Drake: Troubleshooting Makefile parallelism for SLURM

Created on 28 Oct 2017  路  26Comments  路  Source: ropensci/drake

As described here: https://github.com/wlandau-lilly/drake/issues/115

I am trying to get Makefile paralellism working using slurm.

First one I get the error Makefile:9: *** missing separator. Stop.:

library(drake)

simulate <- function(n){
  rnorm(n)
  print("simulating 3")
  Sys.sleep(20)
}

my_plan <- workplan(
  primer1 = simulate(20),
  primer2 = simulate(10),
  data1 = primer1 + 1,
  data2 = primer2 + 2,
  result = mean(c(data1, data2))
)

make(
  plan = my_plan,
  targets = c("data1", "data2"), # `primer` is built too
  parallelism = "Makefile",
  jobs = 2,
  prepend = c(
    "#!/bin/bash",
    "#SBATCH -J testing", 
    "#SBATCH -A landcare00063",
    "#SBATCH --time=1:00:00",
    "#SBATCH --cpus-per-task=1",
    "#SBATCH --begin=now",
    "#SBATCH --mem=1G", 
    "#SBATCH -C sb",
    "module load R"
  ),
  recipe_command = "srun Rscript -e 'R_RECIPE'"
)
Makefile:9: *** missing separator.  Stop.

I can't seem to find the makefile itself to see what it's actually producing. Is there a way to produce the makefile only without running it?

help or input priority

All 26 comments

make(my_plan, parallelism = "Makefile", args = c("--touch", "--silent"))

I should put that one in the parallelism vignette, thanks for another spot on idea.

Unfortunately, the Makefile is not really human readable. I am using dummy timestamp files to hack Make into only submitting the necessary jobs. It's @krlmlr's idea from wlandau/parallelRemake#4.

For the purposes of this thread, did you only want a better way to troubleshoot, or do you also want a Makefile configured for SLURM? Because I want that too, but I cannot help with that at the moment.

Sorry, to clarify, I'm trying to troubleshoot the error Makefile:9: *** missing separator. Stop. with the ultimate goal of configuring my makefile for submitting slurm jobs.

I've added the arguments and my example ran; but where is the makefile? The .makefile folder is empty after I run this.

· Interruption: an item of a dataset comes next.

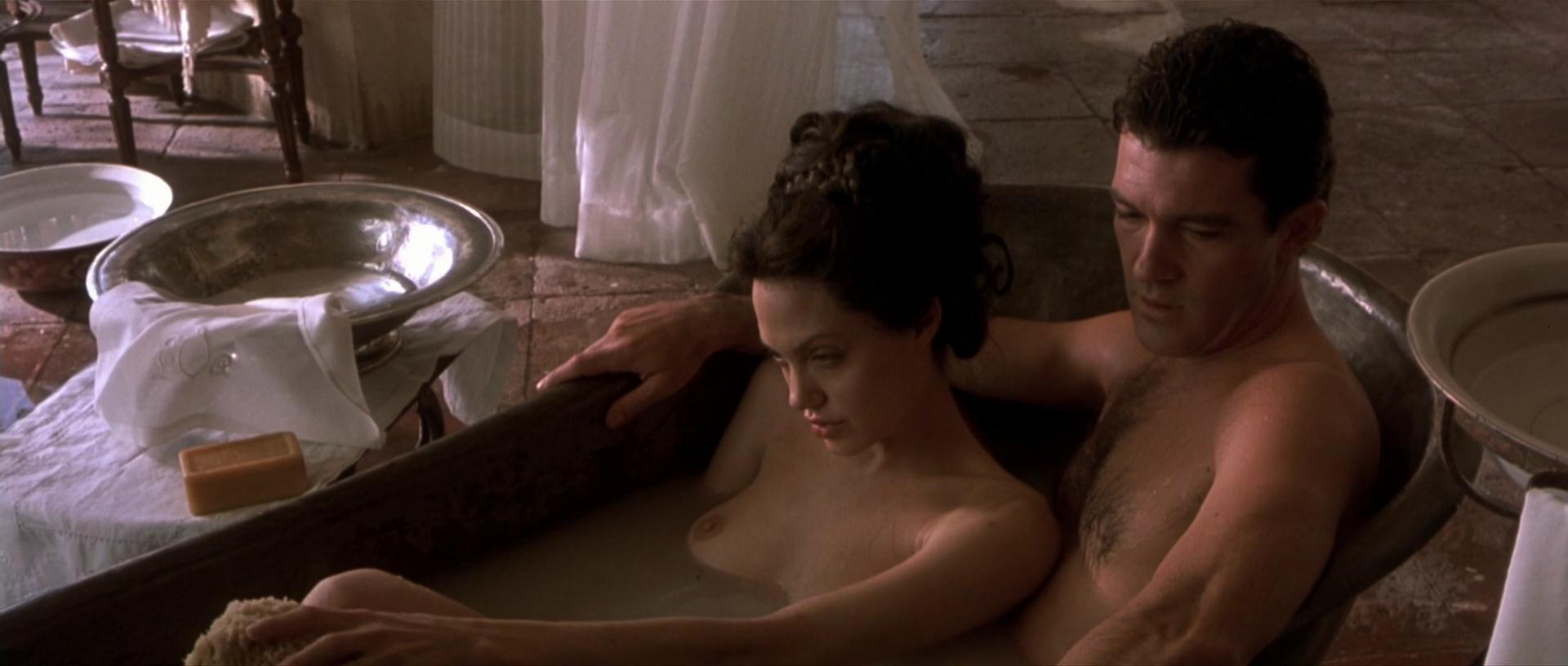 Julie nude angelina Angelina Jolie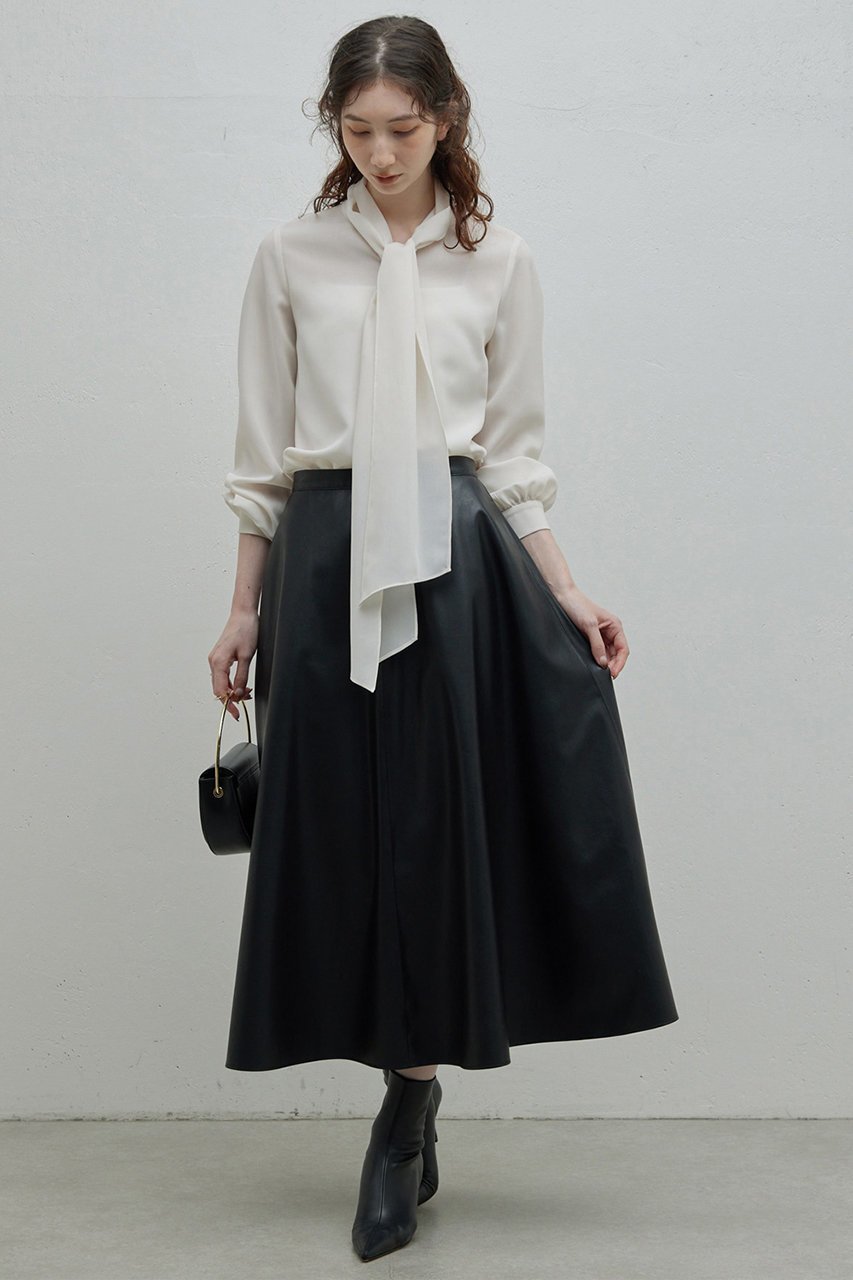 【ガリャルダガランテ/GALLARDAGALANTE】のフィネスボウタイブラウス2 人気、トレンドファッション・服の通販 founy(ファニー) 　ファッション　Fashion　レディースファッション　Fashion for Women　トップス・カットソー　Cut & Sew Tops　シャツ・ブラウス・オフィスカジュアル　Elegant Blouses & Button-Ups　スウェット / スエット　Sweatshirt, Sweatwear　スリーブ　Sleeve, Long Sleeve / Short Sleeve　ベーシック　Basic, Essential　リボン　Ribbon, Bow　ロング　Long, Long-Length　人気　Popular, Best Seller　 other-1|ID: prp329100004926734 ipo3291000000036967515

After a passable night's sleep, I think I know what the problem is. GNU Make thinks module load R is a recipe, and it think you need a tab to indent it. You may be able to fool it with something like

make(
  plan = my_plan,
  targets = c("data1", "data2"), # `primer` is built too
  parallelism = "Makefile",
  jobs = 2,
  prepend = c(
    "#!/bin/bash",
    "#SBATCH -J testing", 
    "#SBATCH -A landcare00063",
    "#SBATCH --time=1:00:00",
    "#SBATCH --cpus-per-task=1",
    "#SBATCH --begin=now",
    "#SBATCH --mem=1G", 
    "#SBATCH -C sb",
    "TMP=`module load R`"
  ),
  recipe_command = "srun Rscript -e 'R_RECIPE'"
)

But I think you need a special shell.sh, as described here. You can generate a starter with shell_file(). Your shell.sh should probably look something like this.

#!/bin/bash
#SBATCH -J testing
#SBATCH -A landcare00063
#SBATCH --time=1:00:00
#SBATCH --cpus-per-task=1
#SBATCH --begin=now
#SBATCH --mem=1G
#SBATCH -C sb
shift
echo "module load R; $*" | srun

And then you call make(..., prepend=SHELL=./shell.sh)`.

I have not tried this, but an alternative might be the regular shell.sh file written by shell_sh():

#!/bin/bash
shift
echo "module load R; $*" | srun

with

make(
  plan = my_plan,
  targets = c("data1", "data2"), # `primer` is built too
  parallelism = "Makefile",
  jobs = 2,
  prepend = c(
    "#!/bin/bash",
    "#SBATCH -J testing", 
    "#SBATCH -A landcare00063",
    "#SBATCH --time=1:00:00",
    "#SBATCH --cpus-per-task=1",
    "#SBATCH --begin=now",
    "#SBATCH --mem=1G", 
    "#SBATCH -C sb",
    "SHELL=./shell.sh"
  ),
  recipe_command = "srun Rscript -e 'R_RECIPE'"
)

...and you really don't see a Makefile? That's odd, it should write to your working directory at the time you call make(). I don't see how you could get Makefile:9: *** missing separator. Stop. otherwise.

By the way, if you get it working, I have colleagues from grad school who would really benefit. It would be a great help if you share your solution, maybe here in the parallelism vignette, maybe in an example like Makefile-cluster.

Alright, we're progressing! Found the makefile; thanks!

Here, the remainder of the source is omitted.